START MATERIAL PROVIDED

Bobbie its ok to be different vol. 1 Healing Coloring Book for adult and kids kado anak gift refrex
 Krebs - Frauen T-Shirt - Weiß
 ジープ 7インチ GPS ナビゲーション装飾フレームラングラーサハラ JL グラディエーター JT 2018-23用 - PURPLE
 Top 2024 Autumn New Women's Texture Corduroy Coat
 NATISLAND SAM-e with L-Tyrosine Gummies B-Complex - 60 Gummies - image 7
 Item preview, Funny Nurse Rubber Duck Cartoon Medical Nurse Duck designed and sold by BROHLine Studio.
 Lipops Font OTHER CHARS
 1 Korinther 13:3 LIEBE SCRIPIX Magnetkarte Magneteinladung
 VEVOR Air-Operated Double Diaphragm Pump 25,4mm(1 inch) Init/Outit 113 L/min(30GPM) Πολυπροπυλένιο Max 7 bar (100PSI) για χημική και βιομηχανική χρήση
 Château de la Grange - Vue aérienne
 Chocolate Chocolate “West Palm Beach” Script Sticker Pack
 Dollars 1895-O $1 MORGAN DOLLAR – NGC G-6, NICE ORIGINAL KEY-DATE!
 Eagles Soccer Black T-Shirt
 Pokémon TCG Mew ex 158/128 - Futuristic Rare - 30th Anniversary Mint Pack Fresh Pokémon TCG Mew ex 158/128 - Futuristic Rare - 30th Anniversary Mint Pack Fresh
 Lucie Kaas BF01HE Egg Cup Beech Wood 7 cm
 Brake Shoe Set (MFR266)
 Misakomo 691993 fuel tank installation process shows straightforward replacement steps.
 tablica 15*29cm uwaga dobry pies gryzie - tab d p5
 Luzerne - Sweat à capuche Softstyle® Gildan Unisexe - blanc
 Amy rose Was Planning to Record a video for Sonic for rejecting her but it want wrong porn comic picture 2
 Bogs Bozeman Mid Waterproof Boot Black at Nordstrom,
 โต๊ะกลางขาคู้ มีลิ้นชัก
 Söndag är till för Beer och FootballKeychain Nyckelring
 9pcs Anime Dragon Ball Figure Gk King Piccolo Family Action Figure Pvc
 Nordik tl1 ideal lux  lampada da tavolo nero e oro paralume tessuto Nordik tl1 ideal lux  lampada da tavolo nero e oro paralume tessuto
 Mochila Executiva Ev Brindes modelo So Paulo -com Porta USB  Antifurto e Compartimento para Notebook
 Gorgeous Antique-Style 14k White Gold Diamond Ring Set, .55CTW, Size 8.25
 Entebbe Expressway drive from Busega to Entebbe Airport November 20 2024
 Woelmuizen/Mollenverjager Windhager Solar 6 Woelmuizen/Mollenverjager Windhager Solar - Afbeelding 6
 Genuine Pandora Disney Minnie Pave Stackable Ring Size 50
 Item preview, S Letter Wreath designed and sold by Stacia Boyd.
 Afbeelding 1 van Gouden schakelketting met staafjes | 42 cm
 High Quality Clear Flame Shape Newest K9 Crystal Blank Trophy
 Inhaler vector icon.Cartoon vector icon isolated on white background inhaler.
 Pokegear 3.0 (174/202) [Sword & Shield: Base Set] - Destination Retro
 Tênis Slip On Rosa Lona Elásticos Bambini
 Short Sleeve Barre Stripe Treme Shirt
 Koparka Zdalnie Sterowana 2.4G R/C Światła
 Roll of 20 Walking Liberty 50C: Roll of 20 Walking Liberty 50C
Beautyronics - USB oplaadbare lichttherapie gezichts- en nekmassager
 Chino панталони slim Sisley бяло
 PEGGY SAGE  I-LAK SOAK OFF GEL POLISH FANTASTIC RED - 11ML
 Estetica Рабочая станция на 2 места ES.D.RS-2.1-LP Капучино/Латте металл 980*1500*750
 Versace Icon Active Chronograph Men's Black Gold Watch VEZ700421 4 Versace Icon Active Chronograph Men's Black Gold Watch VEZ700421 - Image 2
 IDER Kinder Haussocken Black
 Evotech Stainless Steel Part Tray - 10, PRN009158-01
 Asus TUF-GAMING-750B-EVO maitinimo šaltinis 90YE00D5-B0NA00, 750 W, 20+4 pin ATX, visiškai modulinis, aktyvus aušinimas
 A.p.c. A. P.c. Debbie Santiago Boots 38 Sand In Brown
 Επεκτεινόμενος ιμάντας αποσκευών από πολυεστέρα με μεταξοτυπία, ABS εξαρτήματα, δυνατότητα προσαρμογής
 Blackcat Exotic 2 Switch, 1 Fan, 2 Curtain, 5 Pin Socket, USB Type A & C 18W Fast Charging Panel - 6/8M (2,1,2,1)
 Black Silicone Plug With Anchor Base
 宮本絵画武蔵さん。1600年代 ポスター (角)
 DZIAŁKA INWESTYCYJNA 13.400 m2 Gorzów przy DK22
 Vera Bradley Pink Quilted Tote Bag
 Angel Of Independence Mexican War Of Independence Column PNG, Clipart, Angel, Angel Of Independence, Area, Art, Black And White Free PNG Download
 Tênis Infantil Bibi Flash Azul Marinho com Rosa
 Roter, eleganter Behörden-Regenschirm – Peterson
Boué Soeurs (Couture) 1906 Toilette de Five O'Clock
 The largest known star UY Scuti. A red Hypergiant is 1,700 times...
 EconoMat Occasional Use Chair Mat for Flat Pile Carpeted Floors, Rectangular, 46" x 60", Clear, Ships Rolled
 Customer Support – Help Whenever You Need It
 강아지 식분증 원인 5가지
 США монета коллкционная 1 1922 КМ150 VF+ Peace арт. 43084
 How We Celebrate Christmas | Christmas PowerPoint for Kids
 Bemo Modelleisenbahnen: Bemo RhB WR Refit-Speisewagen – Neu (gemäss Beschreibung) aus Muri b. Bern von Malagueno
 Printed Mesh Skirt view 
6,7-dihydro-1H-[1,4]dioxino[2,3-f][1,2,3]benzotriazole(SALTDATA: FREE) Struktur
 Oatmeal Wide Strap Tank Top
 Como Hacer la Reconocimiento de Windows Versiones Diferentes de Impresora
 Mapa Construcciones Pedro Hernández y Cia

END MATERIAL PROVIDED

WHAT YOU SHOULD DO: For every entry in the records above, write an exact copy.

ANSWER AREA:
Bobbie its ok to be different vol. 1 Healing Coloring Book for adult and kids kado anak gift refrex
 Krebs - Frauen T-Shirt - Weiß
 ジープ 7インチ GPS ナビゲーション装飾フレームラングラーサハラ JL グラディエーター JT 2018-23用 - PURPLE
 Top 2024 Autumn New Women's Texture Corduroy Coat
 NATISLAND SAM-e with L-Tyrosine Gummies B-Complex - 60 Gummies - image 7
 Item preview, Funny Nurse Rubber Duck Cartoon Medical Nurse Duck designed and sold by BROHLine Studio.
 Lipops Font OTHER CHARS
 1 Korinther 13:3 LIEBE SCRIPIX Magnetkarte Magneteinladung
 VEVOR Air-Operated Double Diaphragm Pump 25,4mm(1 inch) Init/Outit 113 L/min(30GPM) Πολυπροπυλένιο Max 7 bar (100PSI) για χημική και βιομηχανική χρήση
 Château de la Grange - Vue aérienne
 Chocolate Chocolate “West Palm Beach” Script Sticker Pack
 Dollars 1895-O $1 MORGAN DOLLAR – NGC G-6, NICE ORIGINAL KEY-DATE!
 Eagles Soccer Black T-Shirt
 Pokémon TCG Mew ex 158/128 - Futuristic Rare - 30th Anniversary Mint Pack Fresh Pokémon TCG Mew ex 158/128 - Futuristic Rare - 30th Anniversary Mint Pack Fresh
 Lucie Kaas BF01HE Egg Cup Beech Wood 7 cm
 Brake Shoe Set (MFR266)
 Misakomo 691993 fuel tank installation process shows straightforward replacement steps.
 tablica 15*29cm uwaga dobry pies gryzie - tab d p5
 Luzerne - Sweat à capuche Softstyle® Gildan Unisexe - blanc
 Amy rose Was Planning to Record a video for Sonic for rejecting her but it want wrong porn comic picture 2
 Bogs Bozeman Mid Waterproof Boot Black at Nordstrom,
 โต๊ะกลางขาคู้ มีลิ้นชัก
 Söndag är till för Beer och FootballKeychain Nyckelring
 9pcs Anime Dragon Ball Figure Gk King Piccolo Family Action Figure Pvc
 Nordik tl1 ideal lux  lampada da tavolo nero e oro paralume tessuto Nordik tl1 ideal lux  lampada da tavolo nero e oro paralume tessuto
 Mochila Executiva Ev Brindes modelo So Paulo -com Porta USB  Antifurto e Compartimento para Notebook
 Gorgeous Antique-Style 14k White Gold Diamond Ring Set, .55CTW, Size 8.25
 Entebbe Expressway drive from Busega to Entebbe Airport November 20 2024
 Woelmuizen/Mollenverjager Windhager Solar 6 Woelmuizen/Mollenverjager Windhager Solar - Afbeelding 6
 Genuine Pandora Disney Minnie Pave Stackable Ring Size 50
 Item preview, S Letter Wreath designed and sold by Stacia Boyd.
 Afbeelding 1 van Gouden schakelketting met staafjes | 42 cm
 High Quality Clear Flame Shape Newest K9 Crystal Blank Trophy
 Inhaler vector icon.Cartoon vector icon isolated on white background inhaler.
 Pokegear 3.0 (174/202) [Sword & Shield: Base Set] - Destination Retro
 Tênis Slip On Rosa Lona Elásticos Bambini
 Short Sleeve Barre Stripe Treme Shirt
 Koparka Zdalnie Sterowana 2.4G R/C Światła
 Roll of 20 Walking Liberty 50C: Roll of 20 Walking Liberty 50C
Beautyronics - USB oplaadbare lichttherapie gezichts- en nekmassager
 Chino панталони slim Sisley бяло
 PEGGY SAGE  I-LAK SOAK OFF GEL POLISH FANTASTIC RED - 11ML
 Estetica Рабочая станция на 2 места ES.D.RS-2.1-LP Капучино/Латте металл 980*1500*750
 Versace Icon Active Chronograph Men's Black Gold Watch VEZ700421 4 Versace Icon Active Chronograph Men's Black Gold Watch VEZ700421 - Image 2
 IDER Kinder Haussocken Black
 Evotech Stainless Steel Part Tray - 10, PRN009158-01
 Asus TUF-GAMING-750B-EVO maitinimo šaltinis 90YE00D5-B0NA00, 750 W, 20+4 pin ATX, visiškai modulinis, aktyvus aušinimas
 A.p.c. A. P.c. Debbie Santiago Boots 38 Sand In Brown
 Επεκτεινόμενος ιμάντας αποσκευών από πολυεστέρα με μεταξοτυπία, ABS εξαρτήματα, δυνατότητα προσαρμογής
 Blackcat Exotic 2 Switch, 1 Fan, 2 Curtain, 5 Pin Socket, USB Type A & C 18W Fast Charging Panel - 6/8M (2,1,2,1)
 Black Silicone Plug With Anchor Base
 宮本絵画武蔵さん。1600年代 ポスター (角)
 DZIAŁKA INWESTYCYJNA 13.400 m2 Gorzów przy DK22
 Vera Bradley Pink Quilted Tote Bag
 Angel Of Independence Mexican War Of Independence Column PNG, Clipart, Angel, Angel Of Independence, Area, Art, Black And White Free PNG Download
 Tênis Infantil Bibi Flash Azul Marinho com Rosa
 Roter, eleganter Behörden-Regenschirm – Peterson
Boué Soeurs (Couture) 1906 Toilette de Five O'Clock
 The largest known star UY Scuti. A red Hypergiant is 1,700 times...
 EconoMat Occasional Use Chair Mat for Flat Pile Carpeted Floors, Rectangular, 46" x 60", Clear, Ships Rolled
 Customer Support – Help Whenever You Need It
 강아지 식분증 원인 5가지
 США монета коллкционная 1 1922 КМ150 VF+ Peace арт. 43084
 How We Celebrate Christmas | Christmas PowerPoint for Kids
 Bemo Modelleisenbahnen: Bemo RhB WR Refit-Speisewagen – Neu (gemäss Beschreibung) aus Muri b. Bern von Malagueno
 Printed Mesh Skirt view 
6,7-dihydro-1H-[1,4]dioxino[2,3-f][1,2,3]benzotriazole(SALTDATA: FREE) Struktur
 Oatmeal Wide Strap Tank Top
 Como Hacer la Reconocimiento de Windows Versiones Diferentes de Impresora
 Mapa Construcciones Pedro Hernández y Cia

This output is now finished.